Saint Anselme de Cantorbéry
D'Aoste à un monastère normand
Anselme naît vers 1033 à Aoste, ville nichée dans les contreforts alpins de ce qui est aujourd'hui le nord de l'Italie, alors rattachée au royaume de Bourgogne. Après une jeunesse agitée et des années de voyage à travers la France, il entre en 1060 à l'abbaye bénédictine du Bec, en Normandie, attiré par la réputation de son prieur, le théologien Lanfranc. Anselme s'élève rapidement au sein de la communauté, devenant lui-même prieur après le départ de Lanfranc, puis abbé. C'est durant ces années passées au Bec qu'il écrit ses premières œuvres, déjà d'une grande ambition philosophique, développant une méthode qui consiste à examiner les questions théologiques par un raisonnement patient et rigoureux plutôt qu'en s'appuyant d'abord sur la citation et l'autorité — une méthode qui allait définir le style scolastique naissant des siècles suivants.
Verrier anglais anonyme, Saint Anselme de Cantorbéry, vitrail, dernier quart du XIXe siècle — domaine public.

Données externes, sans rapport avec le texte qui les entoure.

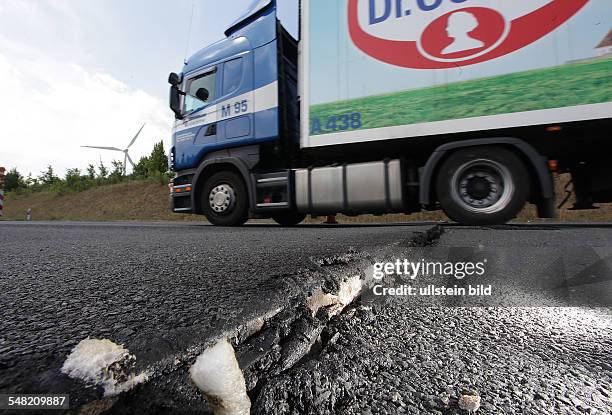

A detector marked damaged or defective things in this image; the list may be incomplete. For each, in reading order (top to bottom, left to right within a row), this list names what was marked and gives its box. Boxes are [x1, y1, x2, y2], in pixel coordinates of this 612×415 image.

cracked asphalt [0, 221, 608, 415]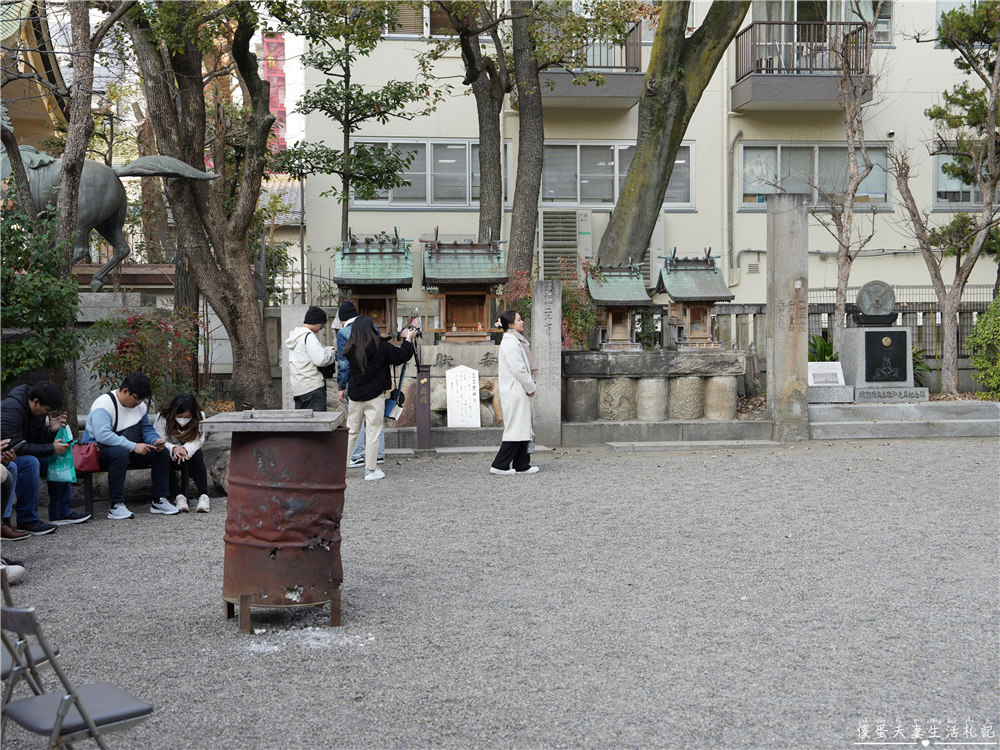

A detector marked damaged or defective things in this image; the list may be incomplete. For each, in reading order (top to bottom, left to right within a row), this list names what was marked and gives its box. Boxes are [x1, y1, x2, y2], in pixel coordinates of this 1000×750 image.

Un argument bâti sur une seule définition
L'écrit le plus célèbre d'Anselme, le Proslogion, tente quelque chose d'inhabituel : prouver l'existence de Dieu par la seule raison, sans en appeler ni à l'Écriture ni au monde créé comme preuve. Il propose de définir Dieu comme « ce dont on ne peut rien concevoir de plus grand », et soutient qu'un tel être doit exister dans la réalité objective, et non pas seulement comme une idée dans l'esprit de quelqu'un, puisqu'un être qui existe réellement est plus grand qu'un être qui n'existe que comme concept. Ce raisonnement, connu aujourd'hui sous le nom d'argument ontologique, a été disséqué, défendu et remis au goût du jour sans interruption par les philosophes depuis le siècle même d'Anselme — un moine contemporain nommé Gaunilon lui opposa très tôt une objection, à laquelle Anselme répondit directement. Peu d'arguments médiévaux ont connu une postérité aussi durable dans des départements de philosophie qui n'ont pourtant plus grand-chose à voir avec l'Église médiévale.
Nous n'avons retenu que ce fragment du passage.